Twenty dollars won’t get you too far these days: perhaps a handful of takeaway coffees, a bought lunch or two, or a single cocktail at a bar on the weekend. However, $20 goes a long way, for a long time in your superannuation and financial future.
Projections by super industry group ASFA show that salary sacrificing $20 a week into super can deliver a 20 year old an extra $435,000 in retirement, or $87,000 in today’s dollars.
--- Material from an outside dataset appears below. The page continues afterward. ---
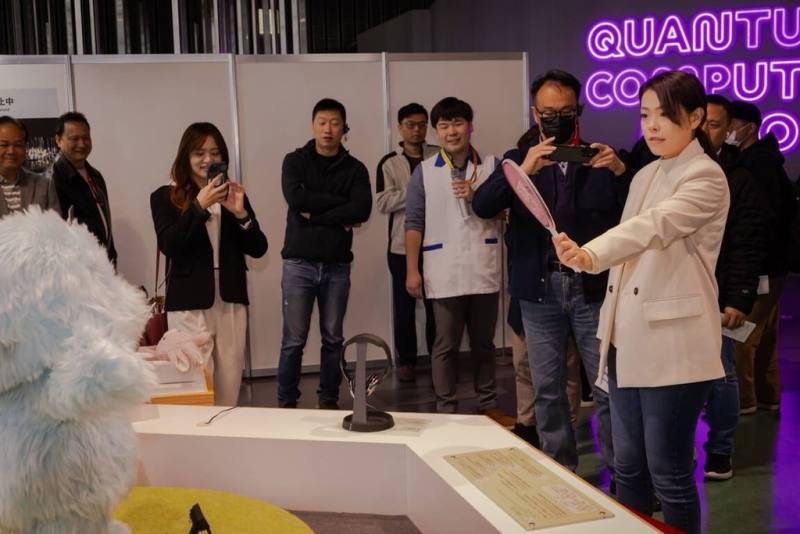 新竹市長高虹安（前右）率團赴日本考察，21日參訪日本科學未來館，體驗科技互動展覽。（新竹市政府提供）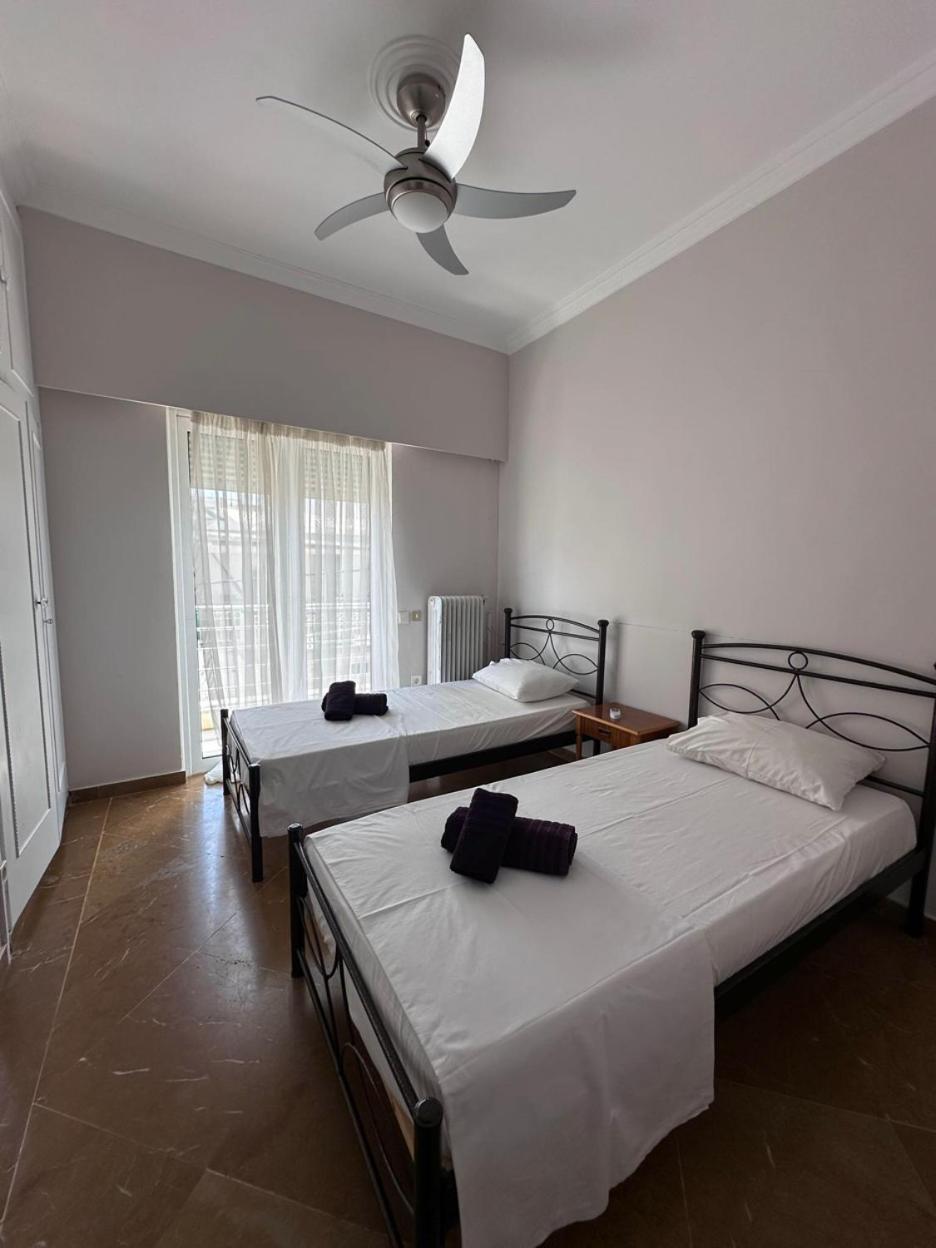 Beach Front Apartment Nea Palatia Luaran gambar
A 30-year-old can build an extra $198,000 ($55,000 in today’s dollars), for a 40 year old it’s $82,500 ($33,000) and a 50 year old gets $29,700 ($16,500).
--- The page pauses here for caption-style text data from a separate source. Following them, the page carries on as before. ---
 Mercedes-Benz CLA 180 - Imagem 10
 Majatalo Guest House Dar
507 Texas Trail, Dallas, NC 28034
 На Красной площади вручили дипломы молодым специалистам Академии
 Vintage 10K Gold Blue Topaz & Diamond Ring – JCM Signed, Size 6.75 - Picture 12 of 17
SFA CEO Martin Fahy said the numbers highlighted the power of compound interest over many years. “Even small amounts can make a big difference in the long term,” he said.
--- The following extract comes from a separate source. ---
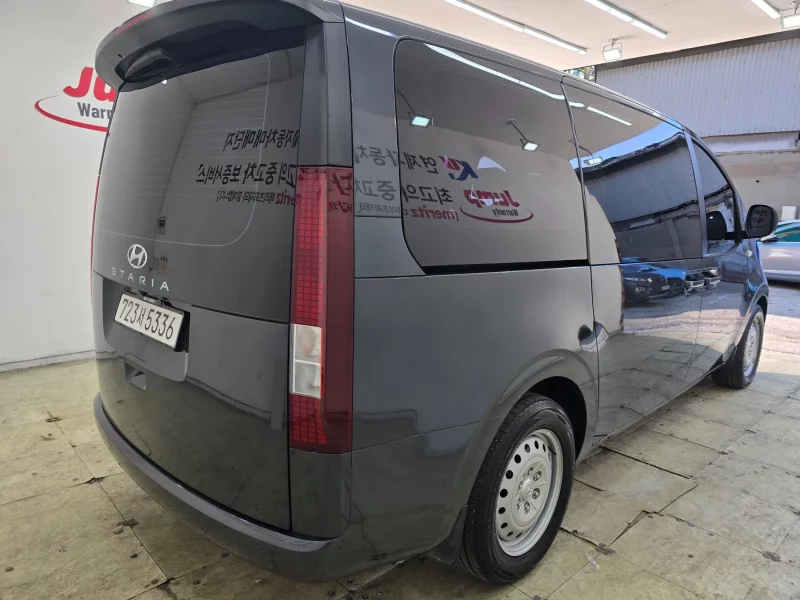 Hyundai Staria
Dr Fahy said last month’s superannuation rule changes did not negatively affect most people’s super. “We encourage people not to be put off, and have confidence in the system — it’s still the best way to save,” he said.
ASFA is a key supporter of this year’s Super Booster Day campaign, which runs until September 15 and aims to highlight the long term benefits of making extra contributions to superannuation.
Salary sacrifice allows workers to save tax because their money goes into super before their marginal tax rate — of up to 47 per cent — is applied.
Lower income workers can enjoy even bigger benefits through the Federal Government’s super co-contribution, where after-tax deposits into super attract a $500 government injection annually for anyone earning below $36,813 a year and paying in $1000. A smaller co-contribution is paid for people earning up to $51,813.
Financial strategist Theo Marinis said for a young worker, an extra $20 a week into super now would be worth almost $4500 a year in bonus retirement income.
“You give up one coffee a day and then you get $4500 a year extra in retirement and can buy everybody coffees,” he said.
“If your circumstances change you can pull back, and when your circumstances improve you can up it.”
Mr Marinis said people were put off by the constant changes to super rules. “I have been in this game for 30 years and there have been changes to the rules for 30 years. If you kept putting it off you would have missed out on a lot of benefits.”
Making automatic payments through direct debits worked best for most people, he said. “You won’t even notice it, but you will certainly notice it in 30 years’ time.”